NEW ALBANY — The New Albany Board of Public Works and Safety approved the purchase of a private lot Tuesday that could be needed to square-off the proposed aquatic center property.
The city agreed to pay $157,000 for the house and lot at 202 Daisy Lane, as the property sits adjacent to the former Camille Wright pool site. The Camille Wright property is the likely future home of a municipal aquatic center, as funding mechanisms for the project were OK’d by the New Albany City Council and New Albany Redevelopment Commission over the last two months.
It was the first private property bought by the city for the project, though David Duggins, director of economic development and redevelopment for New Albany, said more land purchases likely will follow.
TOWN CLOCK CHURCH WORK STILL HALTED
New Albany Building Commissioner David Brewer said both sides are working toward and amicable resolution, but construction on Second Baptist Church will likely remain halted until the contractor is licensed for commercial work.
Rehabilitation on the historic Main Street structure, known as Town Clock Church, began March 8, but Brewer ordered work to stop later that day. He said the contractor for the job, DM Masonry, isn’t licensed for commercial construction in New Albany.

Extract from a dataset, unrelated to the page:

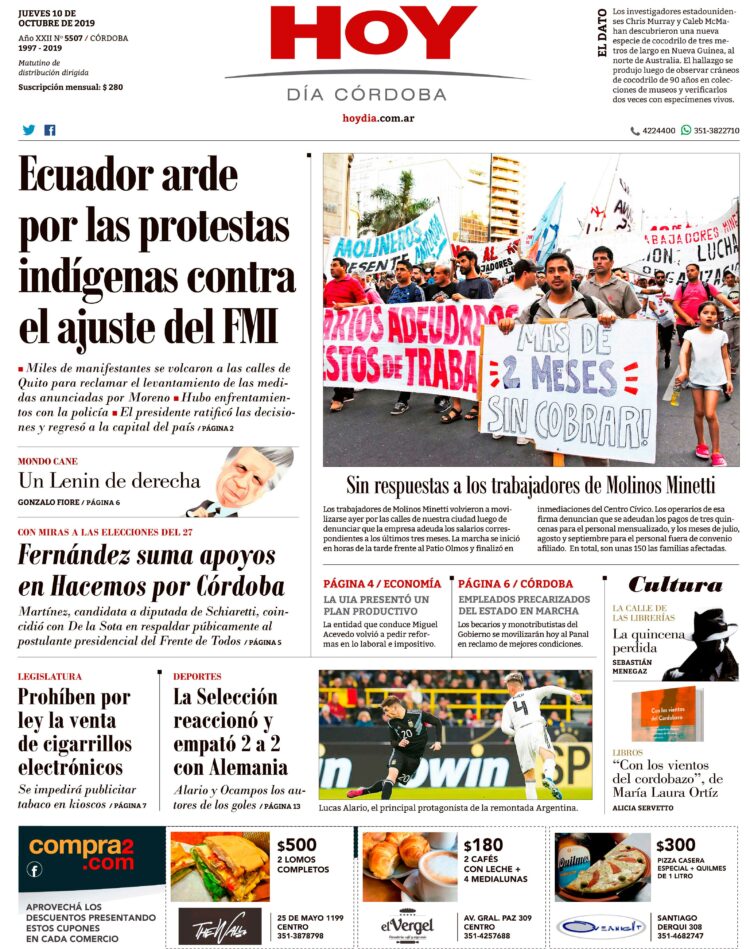 La tapa del jueves 10 de octubre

The project is estimated to cost $400,000, and the New Albany City Council has appropriated $75,000 toward the effort. Irv Stumler of Friends of the Town Clock Church has helped manage the construction portion of the project, and disagreed last week with Brewer’s assertion that the commercial license and possible permit were needed for the work.
Stumler said that he and the contractor were under the belief they had submitted the necessary documentation with Brewer’s office in order to proceed with the project, which launched with the removal of the clock faces from the church’s tower.

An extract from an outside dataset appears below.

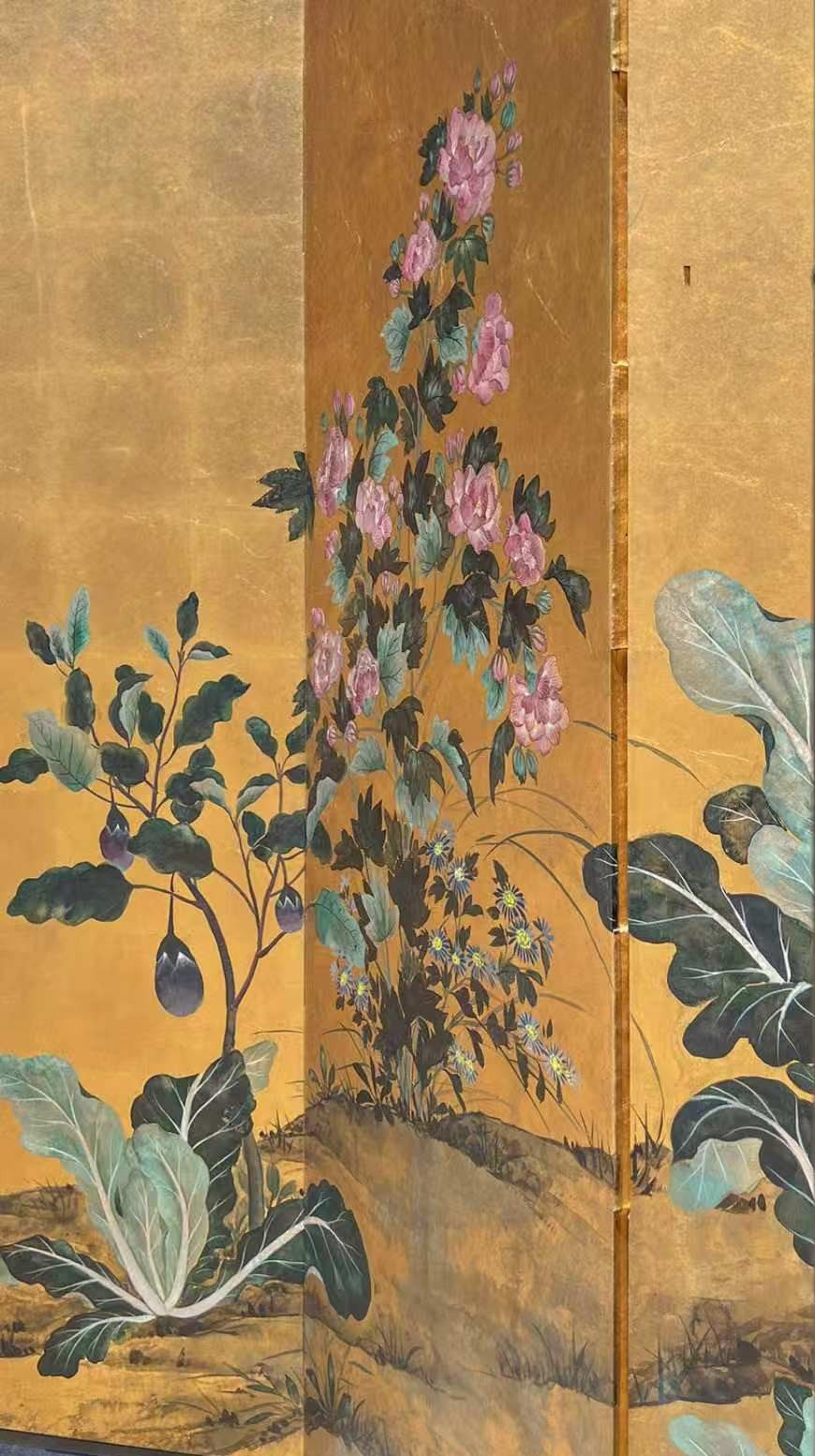 Detail of peony and eggplant, gold-leaf wall panel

Brewer said he met Tuesday with Stumler, the contractor and the architect for the project, and the sides are working toward a solution.
He maintained that due to the nature, scope and expense of the project, that DM Masonry needed to be a licensed commercial contractor. According to Brewer, it costs about $150 to obtain such a license, and there are multiple locations for testing.
“Our ordinances require that [the contractor] be licensed,” Brewer said.
Since the project involves work on a place of assembly, Brewer added that the state needs to be notified of the project and receive a construction design lease from the contractor and architect.
The state will alert the city if additional documentation is needed, he continued.
Brewer said DM Masonry needs to obtain its commercial license and then officials can determine if a permit is needed for construction. He anticipates that in order to follow city ordinances, the contractor likely will need a permit for at least the first phase of construction.
The administration supports the project but has to ensure equality in the process by requiring the necessary licensing, Brewer continued.
Stumler told the board of works Tuesday that DM Masonry would seek the commercial certification.
“Which I don’t think he needs to, but he’s going to anyway,” he said. “We’re trying to abide by all rules.”